Our Motto: Automate Everything
Devops

Our Motto: Automate Everything

You may have recognized the famous indie game Factorio used as the picture for this article. Factorio is best described as:

Factorio is a game in which you build and maintain factories. You will be mining resources, researching technologies, building infrastructure, automating production and fighting enemies.

Basically the goal of this game is to build a fully automated supply chain to produce a rocket to escape an hostile planet where you crashed. We may find similarities in software development. When you are a small team facing huge challenges, you know your time is precious.

At OctoPerf, we strongly believe the more you automate, the more time you can spend on tasks that really need your attention. We try to automate every single thing we can. From building cloud images to deploying a version, from testing the software to checking the code quality. This is how a compact team can have a huge throughput: delegate part of your work to routines executed by a machine.
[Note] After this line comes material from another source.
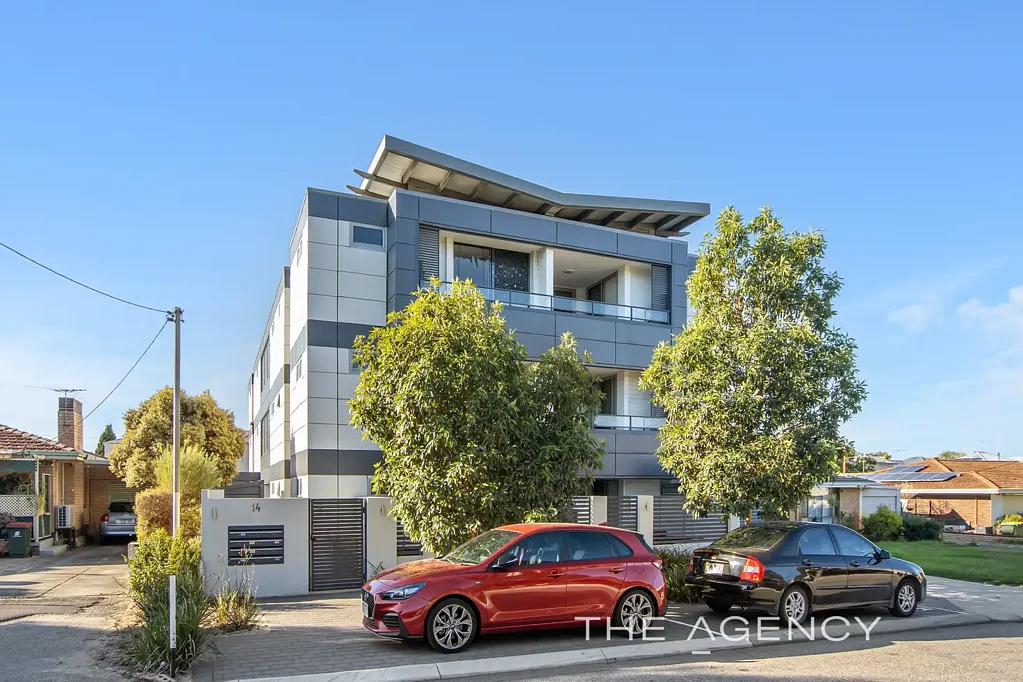 10/14 Kyarra Street, Innaloo, WA 6018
Saving time is not the only reason to automate workflows: automation also prevents human errors. Try this yourself: make a paper ball and try to throw it in the recycle bin from 2m distance. I’m pretty sure you won’t succeed all the time.

In the next coming sections, i’m going to explain the different problems we have faced and how we try to automate as much as possible.

KISS

I believe the key to automation is to Keep It Simple and Stupid. Any random dude should be able to run any automated process with little to no knowledge of how it works. What matters is what the process does, not how he does it. How many times have you said to yourself: Oh man, I wish I had a program to do this instead of doing it myself. If you catch yourself saying this, you should probably take the time to actually write this program instead of spending your time doing it yourself.

By keeping things simple enough, you won’t spend too much time messing around to get the automated build working. Step by step, replace things you do yourself by programs who work for you. An automated routine costs you one time: when you write it. A manual task costs you everytime you need to perform it.

Makefile all the things

We are using Makefiles extensively to write our build routines. Why? Simply because it’s one of the most basic tool to build software available on any linux system. We have standard targets to build our backend and frontend:

  • clean: cleans everything by removing temporary files and build files,
  • test: execute unit-tests,
  • package: package the application, usually as an archive or a JAR file (Java),
  • docker.image: builds a self-containing docker image with the application within,
  • docker.push: pushes the docker image on a Docker HUB.
  • deploy: deploy the application in production environment.

Makefile Editing a Makefile with Nano

Makefiles are the foundation of all our builds: website, frontend, backend, cloud images and more. Why? Simplicity. Once you know that make package packages the application, you are able to package any of our components without any other knowledge.

Software Testing

Testing is one of the easiest thing to automate simply because there are so many tools available to achieve this goal.

Our backend is written in Java. It’s being tested using JUnit testing framework. At the time I write this post, we have almost 6200 unit tests covering 100% of our backend code base. The entire backend is being tested in 7 minutes. And, while the tests are running on Jenkins, I can do something else.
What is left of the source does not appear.